Before Fell received the skeletal material he had already become interested in the problem of whether or not pygmies might have inhabited North America. The ancient European word for pygmy or dwarf is a root based on the form nan. Thus in ancient Greek it is nanos, in Basque it is nanu or nano (according to dialect), in Irish Gaelic it is nan, and modern French has nain, Spanish enano. This strange unanimity among the various languages of Europe, not all of them closely related, seemed to suggest that there might once have been a race of pygmies known to ancient Europeans. The lack of pygmy bones in European archaeological sites seemed to imply that the inferred pygmies, if they existed at all, may not have been European pygmies. Yet it seemed inconceivable that ancient Europeans could have known about the pygmies of central Africa, of those of the remote highlands of Malaysia and the Philippines.
What intrigued me still more, and prompted me to draw attention to the matter in two papers Fell wrote on the language of the Takhelne tribe of British Columbia, was that these American Indians also had a tradition of pygmies (or dwarves), whom they called the Et-nane. Later Fell learned from a colleague that the Shoshone vocabulary also includes a similar word, whose root is nana- and is defined by the compiler of the Shoshone Dictionary as "elf-like people.”
Now, when Fell began to analyze the anatomical characteristics of the pygmy skulls from Tennessee, he soon discovered that they matched those of the pygmies of the Philippines, who are also brachycephalic. [Please see Figs. 58 & 59] Further, he learned from the accounts of explorers in Malaysia who had penetrated to areas where no racial intermixture had occurred that the pure or true-bred pygmy there has very prognathous jaws, as is the case with the American skulls. These Malaysian and Philippine pygmies are regarded by archaeologists as remnants of a formerly extensive Mongoloid pygmy race that once occupied much of southern East Asia. Carter believes that their characters area still to be recognized in dilute trace form in the occasional frizzy hair, dark skin, and squat stature observed among southern Chinese. Significantly, perhaps, the best-known native name of the Oriental pygmies is the Aëta. Perhaps this root is the origin of the prefix Et- used by the Takhelne. Whether that be so or not, it is clear that the pygmies of Tennessee were of Oriental--that is to say, East Asian--origin; and since pygmies are not maritime people, they can have reached the Americas only by the land route.

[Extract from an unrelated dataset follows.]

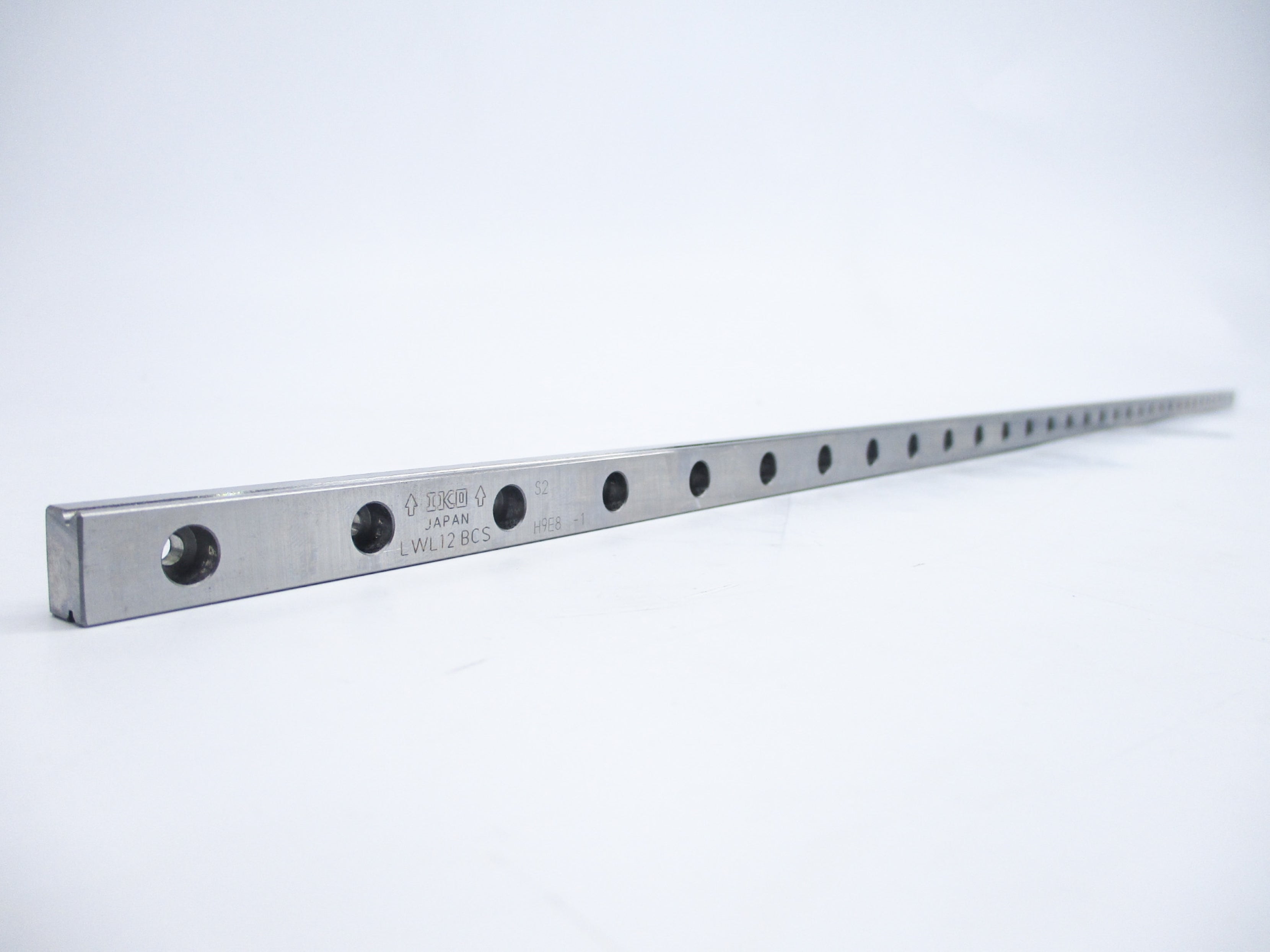 IKO LWL12BCS (RAIL ONLY)  NSNP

They must once have been more widely dispersed than our present finds imply. However, since they reached as far east as east Tennessee, and their bones have been found in association with Europoids and inscribed artifacts of Europoid type, such as loom weights and pottery stamps, lettered in ancient Irish (noted as Celtic) and Basque [see Figs. 183, 185, 186, 187 & 189], Fell concluded that there were in fact meetings of the two races, and that therefore the European visitors could well have taken back to Europe some account of these mysterious undersized people. An inscription that Professors Heizer and Martin Baumhoff had recorded from 1California (Fig. 63), when deciphered as Ancient Irish ogam, seemed also to suggest that early explorers had encountered some pygmy race that they considered dangerous.
In addition to skeletal remains, a number of sculptures, evidently of ancient origin, have been discovered at varying depths in the soil, some of them depicting people of obvious Europoid origin, yet all the evidence indicates that these sculptures were created in America, at an era long before the colonists arrived in modern times. Some representative illustrations (Fig. 60, Fig. 61, Fig. 62) may serve to show their nature and their similarity to ancient European sculpture that has been attributed to the Gauls. Most striking is the head of a man, carved in Ancient Irish style, with the curving nostrils and staring eyes that one encounters in Irish art and wearing as a chaplet a twig of bog oak leaves and acorns. it seems difficult to regard this as representing anything other than an Irish priest, or druid. It was found in Searsmont, Maine, a part of a larger work of which the torso still remains on the site, the head being now in the museum at Sturbridge, Massachusetts.
Fell believed that these heads and others like them are truly ancient American artifacts, and that the hands that carved them are also responsible for the engraved inscriptions in ogam and other ancient European alphabets, found on artifacts at burial sites and also cut in rock.